Spring in the Galilee - Rosh Pinna 2014

After the heavy snow and rain of mid-December, the country has been experiencing drought conditions. Even so, the almond trees are beginning to bloom and the spring flowers are appearing though in smaller numbers than usual.

Last week I had the opportunity to enjoy the spring in the Galilee - a truly wonderful experience!

The Almond Trees in Bloom in the Rosh Pinna Valley

 
I stayed in a small guesthouse in Rosh Pinna - the pioneer village established in 1878 by a group of pious young men from Safed. After three years of hunger and drought, all but three families left.

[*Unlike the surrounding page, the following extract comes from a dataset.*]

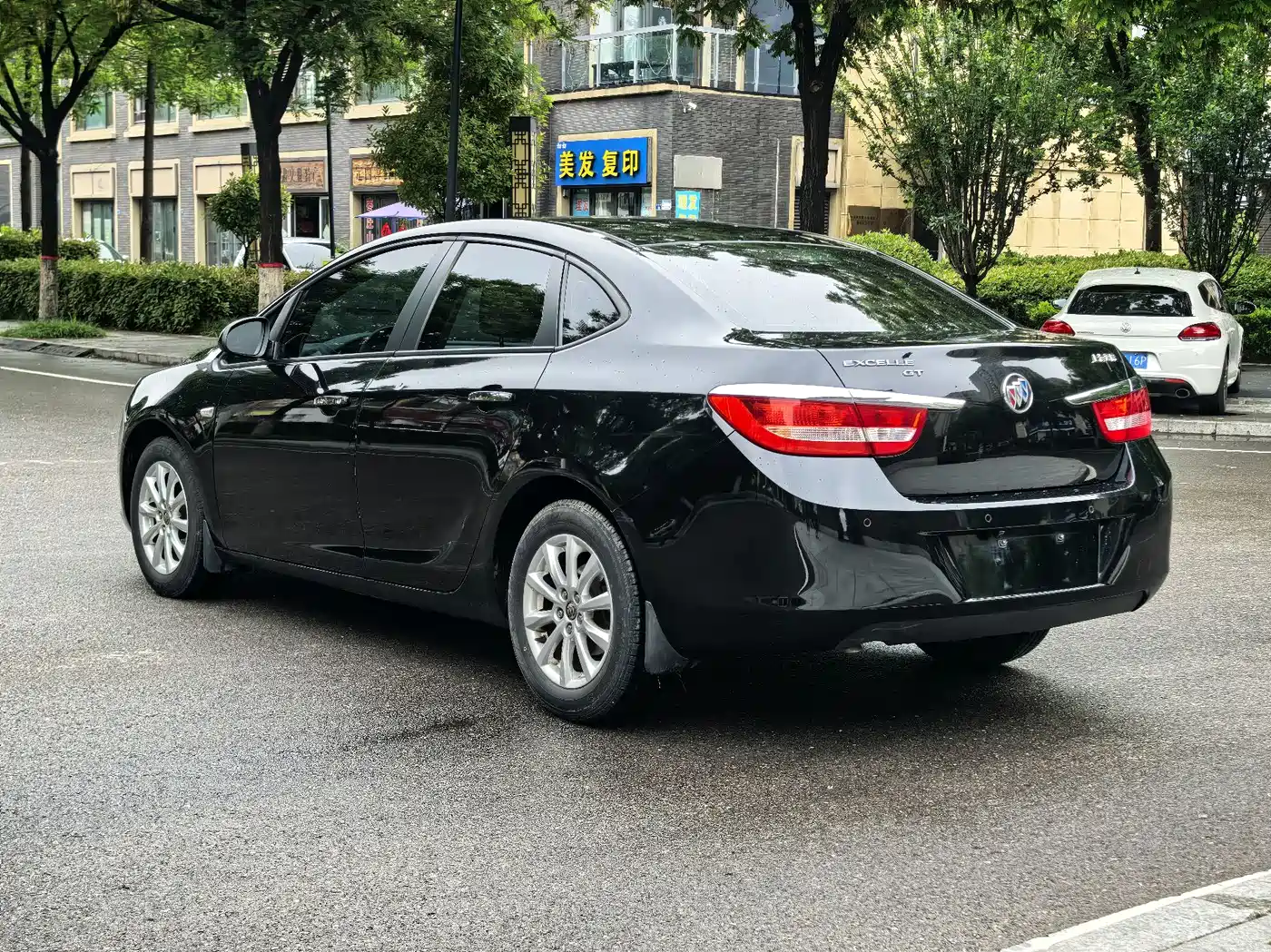 Buick Excelle 2013 Model GT 1.6L Manual Progressive фото 6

In 1882 a group of immigrants from Romania arrived and made the village their home. Aware of the previous troubles, they recalled the verse from Psalm 118:22 - "The stone that the builders rejected has become the chief cornerstone (Rosh Pinna)" Thus Rosh Pinna became the new name of the village below the Arab village of Gei Oni with whom good relations were established.

In 1883 Baron Rothschild's clerks visited the town and agreed to sponsor its development and established a winery, a silk factory as well as a tobacco factory. The situated close to three springs, the village became the administrative center and seat of the Baron's representatives for all the Galilee villages.

In 1900 Rosh Pinna numbered 500 souls. One resident was Professor Gideon Mer who established a malaria research laboratory in his home. The results of his work was the eradication of the disease in Israel and many other countries.

Situated on the eastern slope of Mount Canaan overlooking the Sea of Galilee, the Hula Valley, Golan Heights and Hermon Mountain, the town has always been a tourist destination for those wishing to enjoy the many archeological, historical and religious sites in the area and the spectacular views the town affords.

Today there are almost 3000 people living in the town which has retained its original character. New neighborhoods and public buildings have been added alongside the stone houses built by the founders of the village.

I visited the area with Richard Woolf, a tour guide who has lived in Rosh Pinna for over 40 years. He toured me around the picturesque village.